Using Twilio’s Real-Time Transcriptions Service in Node.js

August 29, 2025
Written by
Reviewed by

Using Twilio’s Real-Time Transcriptions Service in Node.js

Twilio’s Real-Time Transcription service is now generally available bringing streaming speech recognition capabilities straight into your Twilio Voice applications.

In the past, developers often relied on third-party services coupled with websockets or the TwiML <Gather> or <Record> verbs, waiting until after the caller finished speaking to see results. Now, transcriptions arrive in real time during the call which lets you act on the caller's voice the moment they speak.

This service allows you to customize your transcription service such as using Deepgram or Google as the speech-to-text transcription provider while also remaining HIPAA-eligible and PCI-compliant for sensitive use cases. You can use it to power live captions, trigger automated workflows mid-conversation, feed conversational AI, or run live sentiment analysis with Twilio’s Conversational Intelligence without having to build your own transcription pipeline.

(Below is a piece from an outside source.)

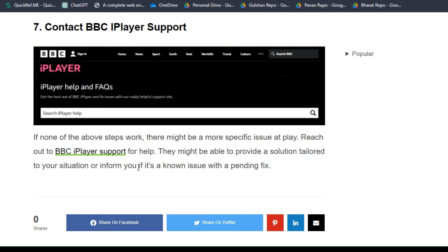Solution 7: Contact BBC iPlayer support. If none of the above steps work, there might be a more specific issue at play. Reach out to BBC iPlayer support for help. They might be able to provide a solution tailored to your situation, or inform you if there is a known issue with a pending fix.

In this tutorial, you’ll learn how to stream transcripts via webhooks using Twilio’s Real-Time Transcriptions service in a Node.js application.

Prerequisites

Set up a Node.js application

You’ll start setting up your application by initializing a Node.js project and installing the dependencies you’ll need.

Initialize a Node.js project

Open up your terminal, navigate to your preferred directory for Node.js projects, and enter the following commands to create a folder, change into it, and initialize a Node.js project:

mkdir voice-transcription
cd voice-transcription
npm init -y

Install the required dependencies

Next, run the following command to install the dependencies you’ll need for this project:

npm install --save express twilio
  • express — This is a framework for Node.js that makes it easier to handle incoming HTTP requests while simplifying routing and server logic
  • twilio — The Twilio package will be used to access the Twilio Programmable Voice API to send phone calls, and to construct TwiML that will instruct the call what to do – in this case to start Twilio's transcription service

<Transcription> TwiML Noun

Before building out the application, let's briefly talk about the Transcription TwiML noun. The <Transcription> noun is used within a <Start> block to initiate Twilio’s real-time transcription during an active call. When called, Twilio forks the ongoing call’s audio to a speech-to-text engine and immediately returns text results. This allows you to immediately process speech in your application rather than waiting until the caller has finished speaking.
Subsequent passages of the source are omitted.